The “fiscal cliff” talks offer a chance to rebalance the American economy so that the long years of living beyond our means — spending too much and raising too little, paid for by borrowing from the Chinese – will be brought to an end in an orderly fashion. As we have seen from the pitched battle between the White House and the Republican House leadership, finding the right balance between tax increases and spending cuts is not easy.

The guiding principle for both sides, however, should be primum nil nocere: First, do no harm. Having survived the worst financial crash in 80 years, the United States should do nothing to put the fragile recovery at risk. Since the turmoil of 2008, economic growth remains positive but feeble, which is more than you can say for comparable economies, such as the eurozone and Britain, that have battened down the hatches and nosedived into slump. The 17 eurozone countries are deep in recession with joblessness at more than 11 per cent; last quarter the U.K. briefly emerged from a double-dip recession of its own making but is expected to enter a triple-dip recession by the end of the year.

If we get the fiscal cliff bargain wrong–too-large tax increases combined with too-deep, too-early cuts in public spending–we risk tipping the economy back into the painful recession we have just escaped. In Washington, the trade-ff between tax and spending is portrayed as a quid pro quo, with Democrats demanding tax cuts for everyone except high earners and Republicans pressing for deep cuts in Medicare but not defense. The politicians have badly framed the argument. Think of tax and spending — if you will excuse the battered simile — as the knobs on an Etch-A-Sketch. To draw a perfect circle entails turning both knobs together at exactly the right rate.

What if we fall over the fiscal cliff? Under the terms of the sequestration patch concocted last year, come Jan 1, if no deal is reached, $607 billion in tax increases and spending cuts will take effect, draining 4 percent of GDP with no tangible benefit. That would be a disaster. If tax cuts are not extended, demand in the economy will slump, businesses will falter or go bust, workers will be laid off, public spending on the unemployed and their families will increase, public borrowing will rise, and there will be a swift return to recession.
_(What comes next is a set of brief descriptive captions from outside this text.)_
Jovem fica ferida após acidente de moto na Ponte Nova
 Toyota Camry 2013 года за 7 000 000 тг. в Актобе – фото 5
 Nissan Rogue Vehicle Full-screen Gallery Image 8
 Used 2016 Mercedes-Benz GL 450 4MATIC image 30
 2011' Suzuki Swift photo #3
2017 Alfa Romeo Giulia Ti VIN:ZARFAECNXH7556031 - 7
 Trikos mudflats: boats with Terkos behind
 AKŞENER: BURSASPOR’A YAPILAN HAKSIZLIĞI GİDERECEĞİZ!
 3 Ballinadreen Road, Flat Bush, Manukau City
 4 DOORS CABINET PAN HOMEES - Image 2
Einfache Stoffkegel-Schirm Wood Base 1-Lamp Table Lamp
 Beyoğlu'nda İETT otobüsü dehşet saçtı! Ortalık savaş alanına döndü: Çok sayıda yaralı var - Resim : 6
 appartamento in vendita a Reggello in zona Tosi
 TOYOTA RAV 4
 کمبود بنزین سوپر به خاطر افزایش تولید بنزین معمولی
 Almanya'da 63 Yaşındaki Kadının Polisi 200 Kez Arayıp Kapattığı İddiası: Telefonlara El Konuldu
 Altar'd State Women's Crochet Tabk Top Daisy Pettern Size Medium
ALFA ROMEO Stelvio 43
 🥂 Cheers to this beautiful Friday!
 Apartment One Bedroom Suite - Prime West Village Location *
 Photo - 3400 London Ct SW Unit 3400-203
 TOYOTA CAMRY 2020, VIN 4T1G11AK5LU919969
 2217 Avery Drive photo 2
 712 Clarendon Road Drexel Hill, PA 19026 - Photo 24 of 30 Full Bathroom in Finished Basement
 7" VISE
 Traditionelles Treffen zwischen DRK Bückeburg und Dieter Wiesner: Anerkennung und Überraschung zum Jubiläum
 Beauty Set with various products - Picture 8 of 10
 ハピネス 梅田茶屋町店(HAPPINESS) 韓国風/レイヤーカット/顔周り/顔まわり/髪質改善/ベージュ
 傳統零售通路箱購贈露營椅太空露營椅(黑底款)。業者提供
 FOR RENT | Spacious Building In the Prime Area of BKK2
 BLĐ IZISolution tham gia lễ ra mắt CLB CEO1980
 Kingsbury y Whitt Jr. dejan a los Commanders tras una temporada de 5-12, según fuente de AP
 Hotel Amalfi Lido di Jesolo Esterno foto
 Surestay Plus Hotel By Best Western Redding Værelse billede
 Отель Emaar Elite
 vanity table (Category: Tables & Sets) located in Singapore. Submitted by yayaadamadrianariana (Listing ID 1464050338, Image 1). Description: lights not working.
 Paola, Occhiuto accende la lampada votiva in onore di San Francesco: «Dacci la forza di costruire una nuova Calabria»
Similarly, if public-sector spending is reduced too rapidly, demand will be sharply reduced, thousands of public service workers will be fired and paid unemployment benefits, public borrowing will rise and the economy will tip into recession. As Britain’s self-defeating austerity experiment is demonstrating, government-imposed misery in the name of paying off public debt can lead to increased public debt.

So, what is the way out? The trick is to boost the economy through tax breaks while making a start on addressing our long-term debt problems without cutting so soon and so deeply that the economy stalls. Think of a car with a manual gearbox starting on a hill. By gently pressing on the gas while easing in the clutch, the car smoothly climbs. A little too much on the gas or an abrupt use of the clutch and the car makes a series of unpredictable jolts and lurches that ends in the engine straining, spluttering, then stopping dead.